## Exercise goal
Quote the listing below in full and exactly as written, but omit every picture.

## Provided data
== Segment start ==
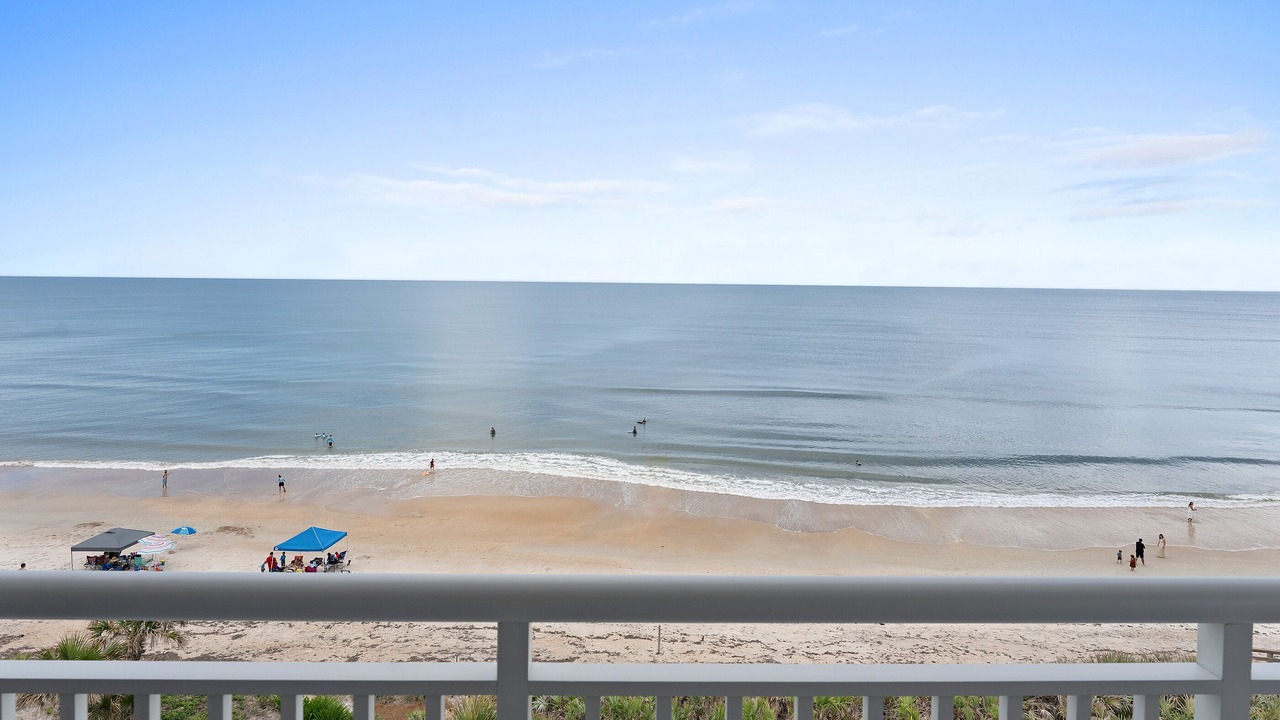 Photo of Patio Balcony in New Smyrna Beach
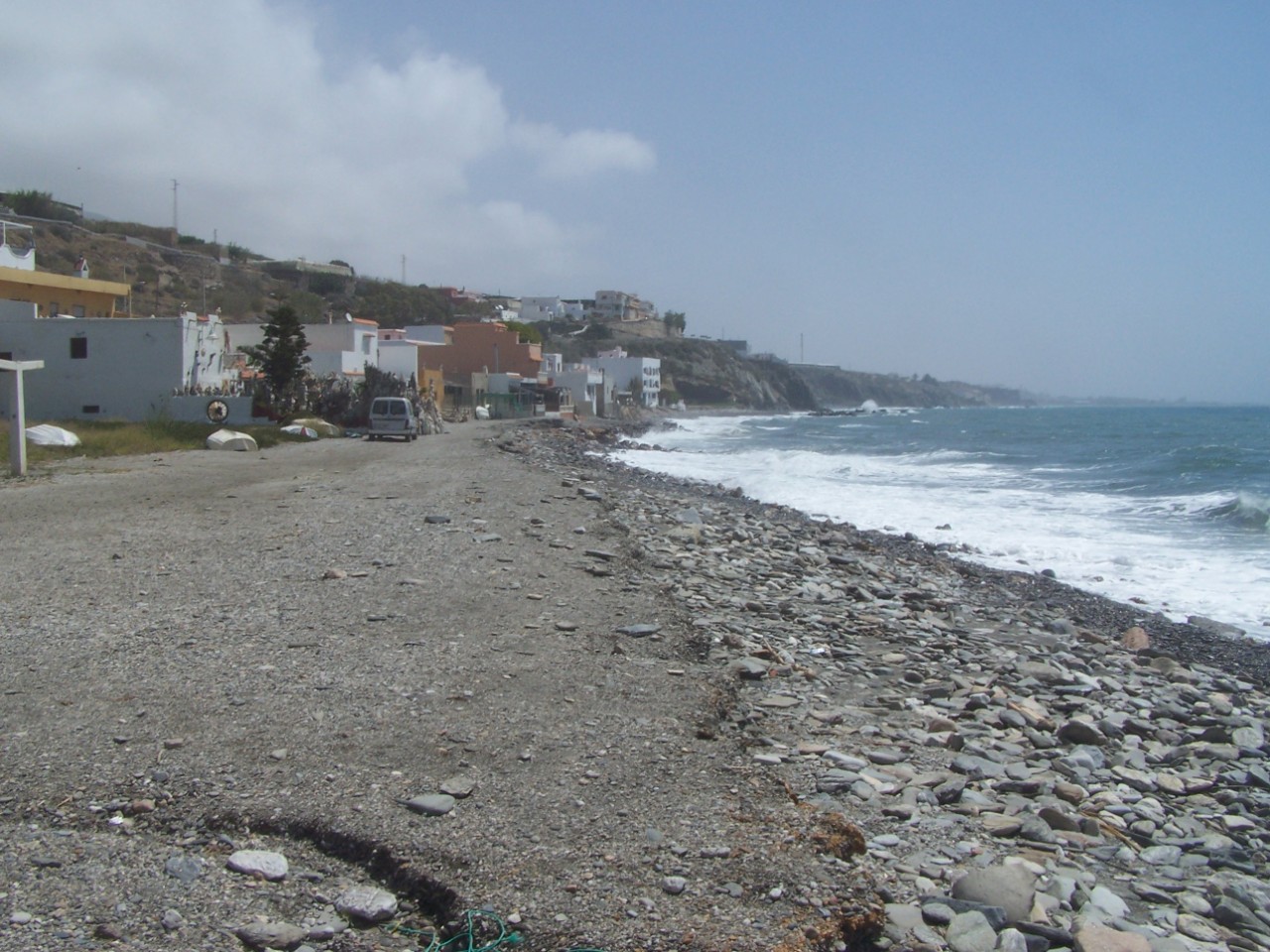 Plan PIMA Adapta - Protección de la costa en Adra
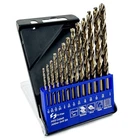 13PCS Cobalt Drill Bits Set, M35 High Speed Steel 135 Degree Tip Twist Jobber... New. Price: $19.56.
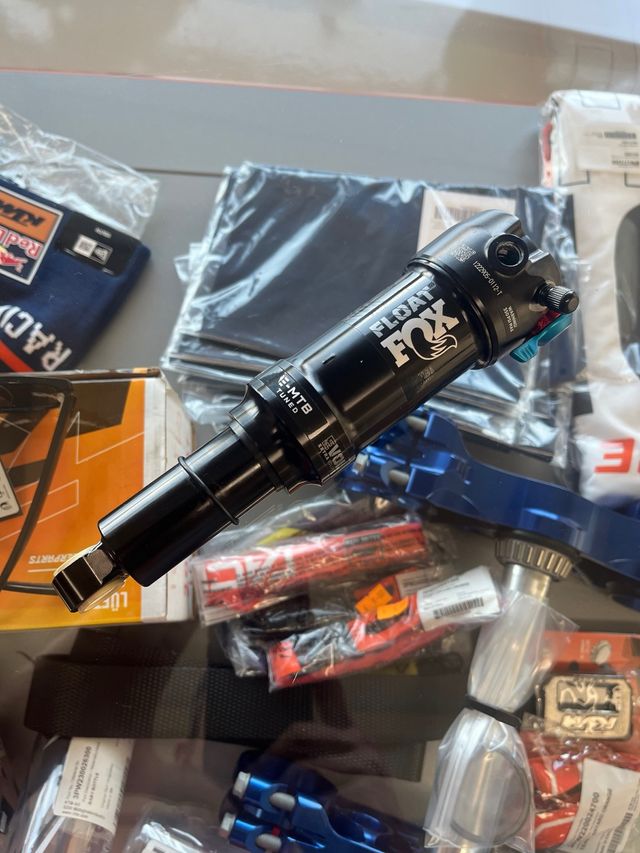 Amortiguador Fox Float 2 (185x55) 2026 NUEVO !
== Segment end ==
## Solution for this task
 Photo of Patio Balcony in New Smyrna Beach
 Plan PIMA Adapta - Protección de la costa en Adra
 13PCS Cobalt Drill Bits Set, M35 High Speed Steel 135 Degree Tip Twist Jobber... New. Price: $19.56.
 Amortiguador Fox Float 2 (185x55) 2026 NUEVO !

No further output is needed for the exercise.